> _Aim of the task_:
Under this line are the records; write out word for word the part that begins at the line containing "Meet your Posher, Dawn" and ends at the line containing "Apartamento à venda com 169m², 3 quartos e 4 vagas Apartamento", and no more.

> _Data extract_:
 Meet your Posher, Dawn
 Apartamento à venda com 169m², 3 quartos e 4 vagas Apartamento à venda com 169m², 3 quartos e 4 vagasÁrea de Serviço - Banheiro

---

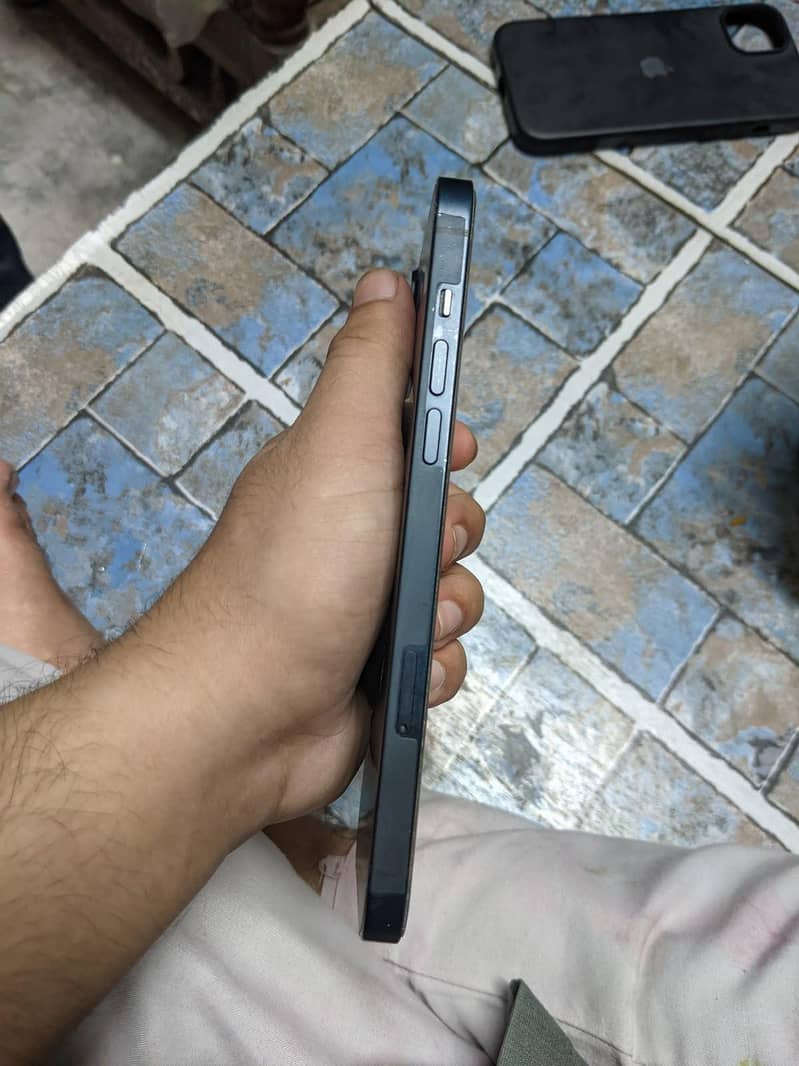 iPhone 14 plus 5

> _Answer section_:
 Meet your Posher, Dawn
 Apartamento à venda com 169m², 3 quartos e 4 vagas Apartamento à venda com 169m², 3 quartos e 4 vagasÁrea de Serviço - Banheiro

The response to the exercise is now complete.